Critique : Après The Search, film de guerre tire-larmes qui passait presque pour une mauvaise plaisanterie dans une filmographie surtout dédiée à la facétie (Le Grand détournement, OSS 117, The Artist), Hazanavicius braque son regard sur les années Mao de Godard. Et il ne s’agit toujours pas d’une blague. Pour autant, le cinéaste dispose cette fois d’un sérieux atout : outre la caution Louis Garrel - fils de Philippe, copain de JLG -, la réussite artistique s’avère au rendez-vous. Le long-métrage se focalise sur la période de mai 1968 à mai 1969, où se télescopent l’engagement politique de l’icône suisse et son histoire d’amour épineuse avec l’une de ses muses, Anne Wiazemsky. Tiré du livre de cette dernière, Le Redoutable n’a pas la prétention ici évidemment de créer des débordements théoriques à l’image des concepts du réalisateur de Pierrot le fou. À quelques clins d’œil typographiques et musicaux près, le long-métrage se présente plus comme un envers du décor malicieux. Il y a bien quelque part un rapport fétichiste avec l’œuvre du cinéaste, explorée en dilettante d’À bout de souffle à La Chinoise en passant par Bande à part - voir aussi les scènes de nu à la Bardot, Georges Delerue en moins. Aussi peut-on voir en Le Redoutable une relecture du Mépris, archétype par excellence lorsqu’il s’agit de structurer une rupture amoureuse basée sur une divergence subliminale de regard. Mais même si Michel Hazanavicius fait mine souvent de mettre en valeur de véritables questions esthétiques et d’ordre intellectuel soulevées par Jean-Luc Godard, c’est en réalité pour mieux s’en servir comme d’un terrain de jeu propice à ses expérimentations comiques et narratives.

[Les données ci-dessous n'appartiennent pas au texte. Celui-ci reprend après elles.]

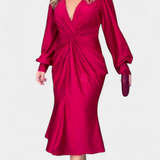 Alouette Robe Longue à Manches Longues avec Col en V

- Copyright Philippe Aubry – Les Compagnons du cinéma
Tout en dépeignant de façon assez fidèle une période de vie charnière pour le réalisateur et son épouse Anne Wiazemsky, celui-ci se réapproprie des motifs visuels et des éléments de langage godardiens pour mieux perpétuer l’approche cinématographique qu’il cultive depuis toujours : distordre les clichés et les symboles pour mieux susciter le trouble - penser au moment où Louis Garrel et Stacy Martin rejouent Le Grand détournement dans une salle de cinéma. Un peu comme lorsqu’OSS 117 : Le Caire, nid d’espions revisitait par exemple James Bond contre docteur No, La Mort aux trousses, Vertigo, L’Homme qui en savait trop ou encore Quand les aigles attaquent. Cette forme de désacralisation du Godard que l’on connaît, loin de tomber dans la farce, sonne comme une réhabilitation populaire. Vulgarisation, toutefois, qui prend le risque de froisser les inconditionnels. Mais n’est-ce pas là une provocation digne parfois des plaisanteries du cinéaste - à commencer par ce moment où Garrel-Godard les yeux rivés vers la caméra affirme qu’un acteur est tellement con qu’il serait possible littéralement de le lui faire dire devant l’objectif ? Politique, révolutionnaire, poétique, imaginatif... Le Redoutable ne tente à aucun instant de se mesurer aux qualificatifs de son modèle, se contentant d’un portrait tantôt âpre, souvent affectueux. L’occasion d’une parodie de biopic où l’on croise Bernardo Bertolucci ou encore Marco Ferreri, dont le détachement détone avec la gravité fantasque de Godard.
- Copyright Philippe Aubry – Les Compagnons du cinéma
À l’instar du sous-marin "Le Redoutable" dont Godard entend parler à la radio, le portrait du metteur en scène helvète est ici celui d’un submersible, d’un homme qui par définition cherchera systématiquement à cliver et à se plonger dans les profondeurs abyssales afin de mieux se garder de l’obscénité du consensus. Pour allégoriser cette année 1968 où il ose remettre en question toutes ses idées et tous ses films - mort symbolique pour certains, renaissance pour d’autres -, Hazanavicius choisit de briser systématiquement les lunettes du cinéaste. Manière d’aborder à la fois sa perte de repères et son désir buñuelien d’adopter une nouvelle vision. De bric et de broc, Le Redoutable réussit à faire converger l’histoire du cinéma, l’hommage et l’humour Hazanavicien pratiquement avec cohérence. Réussite pour beaucoup à mettre au compte du duo Stacy Martin (Nymphomaniac) - Louis Garrel.